The Basics of Learning How to Strum

The Basics of Learning How to Strum

This short guide will get you used to strumming your guitar. When you strum the guitar, you rake your pick across all the strings to sound the notes.  Strumming is one of the key concepts you need to learn on the guitar. Here is what you need to know while you practice strumming.


Practice Chord Changes without Playing

One way to get better at strumming is to practice chord changes without strumming at all. Let's take three popular chords. Let's play G, C, and D. Start by fingering the G chord, then move on to the C chord. Finally, move on and place your fingers on the D chord. Practice moving your fingers and back and forth to each one of those chords. Say each chord name out loud as you move your fingers. When you are strumming, you have to be able to move your fingers quickly from one corner to the next. 

 

Practice this on chords, you know already. If you don't know these chords, try some that you already know. The idea is to make quick chord changes while you are strumming.  Make sure you don't stop strumming as you change chords, keep strumming through the chord changes. This is why the chords change has to be a smooth process. Try changing the chords without a strum and then add the strum in once you can make the chord change smooth.

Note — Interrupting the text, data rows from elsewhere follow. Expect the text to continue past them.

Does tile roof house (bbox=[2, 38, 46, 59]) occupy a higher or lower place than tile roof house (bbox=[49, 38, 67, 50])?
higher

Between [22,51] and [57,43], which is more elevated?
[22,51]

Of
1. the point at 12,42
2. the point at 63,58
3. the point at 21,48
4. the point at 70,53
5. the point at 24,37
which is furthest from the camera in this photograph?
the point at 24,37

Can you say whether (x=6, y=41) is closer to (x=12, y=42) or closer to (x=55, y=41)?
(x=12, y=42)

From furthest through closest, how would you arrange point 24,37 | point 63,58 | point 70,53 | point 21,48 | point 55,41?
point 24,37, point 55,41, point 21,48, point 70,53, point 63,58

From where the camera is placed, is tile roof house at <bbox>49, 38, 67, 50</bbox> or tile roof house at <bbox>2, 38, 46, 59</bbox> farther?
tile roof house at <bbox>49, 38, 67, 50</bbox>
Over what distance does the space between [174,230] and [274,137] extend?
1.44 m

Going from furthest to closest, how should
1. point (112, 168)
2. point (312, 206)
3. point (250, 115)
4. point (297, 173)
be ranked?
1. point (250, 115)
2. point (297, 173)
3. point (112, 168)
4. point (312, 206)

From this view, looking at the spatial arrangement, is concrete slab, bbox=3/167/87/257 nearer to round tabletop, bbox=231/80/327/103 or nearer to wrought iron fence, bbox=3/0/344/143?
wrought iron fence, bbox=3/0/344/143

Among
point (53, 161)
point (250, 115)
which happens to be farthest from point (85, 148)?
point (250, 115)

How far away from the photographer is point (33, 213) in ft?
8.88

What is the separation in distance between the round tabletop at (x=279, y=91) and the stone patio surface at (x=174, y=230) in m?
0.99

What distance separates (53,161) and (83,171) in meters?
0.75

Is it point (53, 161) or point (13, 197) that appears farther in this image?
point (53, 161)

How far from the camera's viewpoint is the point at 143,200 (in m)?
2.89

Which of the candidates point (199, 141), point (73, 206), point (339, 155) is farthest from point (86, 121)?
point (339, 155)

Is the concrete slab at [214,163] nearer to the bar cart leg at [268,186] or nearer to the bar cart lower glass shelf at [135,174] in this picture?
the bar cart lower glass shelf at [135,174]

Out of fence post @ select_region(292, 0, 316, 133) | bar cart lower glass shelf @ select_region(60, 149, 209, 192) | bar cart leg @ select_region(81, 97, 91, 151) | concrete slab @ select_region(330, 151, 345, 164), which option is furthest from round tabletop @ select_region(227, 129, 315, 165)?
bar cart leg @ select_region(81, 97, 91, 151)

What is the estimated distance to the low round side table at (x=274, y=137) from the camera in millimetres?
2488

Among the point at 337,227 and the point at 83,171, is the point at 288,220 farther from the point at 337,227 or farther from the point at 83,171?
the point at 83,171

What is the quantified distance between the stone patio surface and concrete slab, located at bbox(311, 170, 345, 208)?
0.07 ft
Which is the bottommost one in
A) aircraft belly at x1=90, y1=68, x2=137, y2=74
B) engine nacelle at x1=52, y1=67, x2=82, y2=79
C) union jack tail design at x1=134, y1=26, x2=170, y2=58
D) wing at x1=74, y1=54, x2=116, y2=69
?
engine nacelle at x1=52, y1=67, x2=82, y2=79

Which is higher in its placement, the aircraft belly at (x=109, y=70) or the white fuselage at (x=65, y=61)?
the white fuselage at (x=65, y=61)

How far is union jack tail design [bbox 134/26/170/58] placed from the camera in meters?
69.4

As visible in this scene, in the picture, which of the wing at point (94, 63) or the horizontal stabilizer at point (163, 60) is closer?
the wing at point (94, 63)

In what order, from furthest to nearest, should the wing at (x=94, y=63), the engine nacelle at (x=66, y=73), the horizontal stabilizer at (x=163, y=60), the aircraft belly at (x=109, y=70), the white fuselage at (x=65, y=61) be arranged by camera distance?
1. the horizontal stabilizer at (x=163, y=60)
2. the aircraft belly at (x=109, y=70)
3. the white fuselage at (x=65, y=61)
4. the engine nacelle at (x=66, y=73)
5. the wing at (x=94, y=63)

The Basics of Learning How to Strum

Simple Strumming Pattern One

Let's do a very simple strumming pattern.  We are going to play each chord once as we count to four. This is typical 4/4 time. Each chord will get one beat. you want to practice strumming each chord once and then changing to the next chord. This chord progression, we are going to use all pick downstrokes.

Strum G, Strum C, Strum D, Strum G

Count: 1 2 3 4

Try tapping your foot on each chord change and count. One, two, three, four. Once you can do this say the chord names out loud as you play them G, C, D, G.

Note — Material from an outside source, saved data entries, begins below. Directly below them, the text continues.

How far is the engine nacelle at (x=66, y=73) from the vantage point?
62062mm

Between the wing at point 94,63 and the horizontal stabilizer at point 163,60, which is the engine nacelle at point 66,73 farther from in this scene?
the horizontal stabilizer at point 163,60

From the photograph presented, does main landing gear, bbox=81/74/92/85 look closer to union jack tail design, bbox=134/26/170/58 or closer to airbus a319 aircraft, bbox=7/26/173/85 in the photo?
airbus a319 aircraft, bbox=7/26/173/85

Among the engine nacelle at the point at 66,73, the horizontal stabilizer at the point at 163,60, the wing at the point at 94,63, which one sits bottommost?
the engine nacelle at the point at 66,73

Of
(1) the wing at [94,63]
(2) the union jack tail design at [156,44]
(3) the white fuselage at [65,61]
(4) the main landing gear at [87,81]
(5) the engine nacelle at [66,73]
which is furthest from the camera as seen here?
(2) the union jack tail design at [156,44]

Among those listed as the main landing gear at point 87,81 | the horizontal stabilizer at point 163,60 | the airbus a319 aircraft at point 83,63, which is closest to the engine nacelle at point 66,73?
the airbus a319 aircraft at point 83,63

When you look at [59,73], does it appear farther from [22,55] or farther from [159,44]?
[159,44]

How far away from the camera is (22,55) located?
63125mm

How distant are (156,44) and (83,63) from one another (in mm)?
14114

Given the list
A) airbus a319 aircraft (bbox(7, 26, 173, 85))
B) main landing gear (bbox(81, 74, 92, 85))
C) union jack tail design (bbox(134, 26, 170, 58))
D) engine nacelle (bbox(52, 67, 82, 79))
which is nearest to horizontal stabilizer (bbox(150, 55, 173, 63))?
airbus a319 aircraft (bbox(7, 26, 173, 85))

Simple Strumming Pattern Two

This next strumming pattern is a little bit more complicated. We're going to play a G chord for four beats, but we're going to add in an upstroke. It will look like this:

1 2 3 + 4

The + means “and” or play an upstroke. Play G for three downstrokes. When you get to +, you want to play an upstroke, which will be followed by another downstroke to complete the rhythm. As you play tap 1, 2, 3, and 4. Once you can do this change to C and do the same thing, move to D and finally, back to G.


Simple Strumming Pattern Three

This next strumming pattern is going to be continuous. We're going to play a G with down and upstrokes through one bar of music. It looks like this:

1 + 2 + 3 + 4 +

1 and 2 and 3 and 4 and 

Down, up, down, up, down, up, down, up

Do the same with C, D, and back to G.


Strumming Tips

Stay relaxed.

When you strum your guitar, you want to keep your hand and arm relaxed. Move your arm in an up and down relaxed motion as you are strumming up and down. Think of your arm like a pendulum. It goes up and down the same way a pendulum moves. You want to keep the movement of your arm steady. It's this steady movement that will keep the rhythm going. You don't want to make jerky movements with your hand as you're strumming. The key to rhythm playing is keeping that movement going.

The Basics of Learning How to Strum

Tap the Beats

You may notice people on stage tapping their foot as they're playing. This is a great way to keep the pulse. You tap your foot to the pulse, and this helps you to keep in time. Try tapping your foot as you play a simple rhythm - you can also do this with a metronome. You can have the metronome play at a slow pulse, and then you play the chords on the beat.


Slow Down

Play everything as slow as you can, to begin with. You don't want to rush the process as you learn how to strum. Get used to strumming a few chords and then add in a more as you learn new chords.  Once you can play something slowly, you can start to speed it up a little bit. You want to keep a nice and relaxed rhythm.

The Basics of Learning How to Strum

Don't Stop

Don't stop during the strumming. Keep your strumming hand going even if you happen to fumble around with the chord. Keep the strumming hand going as much as possible. As you get better, you'll find changing chords, and strumming becomes seamless. It takes quite a bit of effort to be able to play chords, change them, and keep the rhythm going at the same time. You need to get used to keeping the rhythm going as this is what will drive the music forward.


Conclusion

This guide should get you started with basic strumming. Start as slow as you can and work your way up. Make sure you keep your strumming hand going as you play. That is the key to getting a good rhythm. Work on it as much as you can until it is smooth and seamless.